**`Data Pulled at 11:00am 1.8.25 Comparing Those Present In Fall 2024 With Those Enrolled in Spring 2025`**

# Comparing Enrollment Of Previous Semester With Current Semester

The main barometer of the successful efforts of the academic advising staff is whether *current* students reenroll for the next semester. Marketing and admissions are typically responsible for recruitment efforts. While this is not true at all Higher Ed institutions, it is true at most. Academic Advisors are responsible for making sure students understand school policies, are enrolled in the appropriate classes for their major, are taking courses in a strategic manner so as to knock out prerequisite courses first, and to help students learn how to balance personal, professional, and collegiate obligations. Typically, advisors do not have any direct impact on intake of *new students*. Since this is the case, I wrote the following algorithm to sort through students who were enrolled in the previous semester and compare them against the students who are enrolled in the current semester. When I first wrote the algorithm several years ago, I quickly realized that we needed to be clear about which students we were reaching out to for enrollment in the current semester from the previous semester. 

**Eligible Students**

I realized that we needed to be clear about who the *eligible* students from the previous semester was. If I was not clear with that in my report to the Director of Advising and the VP of Enrollment Management, it would incorrectly communicate we had, say, 2700 students from one semester who had not enrolled when in reality we only 1500 *eligible* students who had not enrolled. There are some students who should not be in our list of *eligible* students. 

First, many colleges have an office that exclusively works with high school students--an office of High School Partnerships. Since there is an office that carries out that task, then high school students should be removed from the list because the academic advising staff is not responsible for those students. Every college also has a specific set of advisors who work with International Students. Given the myriad of laws these advisors are aware of and most follow, the general advising staff does not reach out to these students or have interaction with them. Therefore, international students are taken out of the mix. Every semester, some students graduate. These students, most of the time, are not continuing with the college. Therefore, to make sure that the outreach efforts reflect these students' accomplishments and graduation, they are removed from the eligible students who could enroll in the current semester. Finally, sometimes there are holds on students' accounts that prevent them from enrolling in the current semester--AR holds, Academic Suspension, TB Test Holds, and VP of Student Services holds. These students are also removed from the eligible students. 

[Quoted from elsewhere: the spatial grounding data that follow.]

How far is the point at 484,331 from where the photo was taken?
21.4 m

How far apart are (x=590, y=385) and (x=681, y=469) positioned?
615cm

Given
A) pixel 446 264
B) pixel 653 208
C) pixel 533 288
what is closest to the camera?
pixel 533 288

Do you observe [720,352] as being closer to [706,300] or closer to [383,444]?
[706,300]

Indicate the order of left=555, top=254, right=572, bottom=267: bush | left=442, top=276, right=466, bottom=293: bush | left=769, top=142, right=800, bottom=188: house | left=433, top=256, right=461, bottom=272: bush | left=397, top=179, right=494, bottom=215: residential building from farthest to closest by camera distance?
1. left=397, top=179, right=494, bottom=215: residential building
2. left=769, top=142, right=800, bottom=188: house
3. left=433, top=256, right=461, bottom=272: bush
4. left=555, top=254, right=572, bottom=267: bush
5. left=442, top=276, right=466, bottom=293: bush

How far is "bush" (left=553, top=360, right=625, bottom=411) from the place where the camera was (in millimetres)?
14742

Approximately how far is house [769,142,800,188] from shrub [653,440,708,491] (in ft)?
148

Once these sets of filters are ran on the students from the previous semester as compared to those enrolled for the current semester, the final list can be pulled and distributed to advisors for outreach. This list shows the *eligible* students who have not yet enrolled for the current semester but were enrolled in the previous semester; it is used by the advising staff to try to encourage *current* students to reenroll for the new semester. These kinds of targeted outreach efforts have increased the persistence of continuing students up to 7% some semesters. 

In [None]:
import pandas as pd
import numpy as np

from pathlib import Path
import os

import openpyxl
import xlsxwriter

from processing import (
    select_term,
    enrolled_for_upcoming,
    final_df
)

import warnings
warnings.filterwarnings('ignore')

## Parameters

In [None]:
# File directory path
DATA_PATH = Path.cwd().parent

# ----------------------------------------------------------------
# Excel file of last five semesters (fall or spring) created with 
# data cleaning and set up of credit hour report for BI reporting
# ----------------------------------------------------------------
SEM_DATAFRAME = 'SP21 - SP25 CrHr Enrollment.xlsx'

# Upcoming semester code (six digit integer code)
UPCOMING_TERM = 202510

# csv of previous semester or semester that is in progress pulled from Argos
PREVIOUS_SEM_ENROLLMENT = '202480 Enrollment.csv'

# Major List
MAJR_LIST = 'Major Descriptions.csv'

# Holds data pulled from Argos. Should be holds for semester that is 
# currently in progress or just completed
HOLDS_DATA = '202480 Holds and Phone Numbers.csv'

# Semester that just completed or is currently in progress graduation data
# This is pulled from Banner through PL/SQL
GRAD_DATA = 'FA24 Graduates.csv'

# Create saved file names
ELIGIBLE_STUDENTS_XLSX_FILE = '202480 Not Enrolled in 202510.xlsx'
ELIGIBLE_STUDENTS_XLSX_FILE_MASTER = '202480 Not Enrolled in 202510 Master DF.xlsx'

In [None]:
# Download last five fall or spring semesters from daily dashboard update
enrollments = (pd.read_excel(f'{DATA_PATH}/{SEM_DATAFRAME}')
                 .rename(columns = str.upper)
              )

In [None]:
# Isolate the unique IDs from Fall or Spring dataframe
unique_enroll = pd.DataFrame(enrollments.groupby('TERMID').first()).reset_index()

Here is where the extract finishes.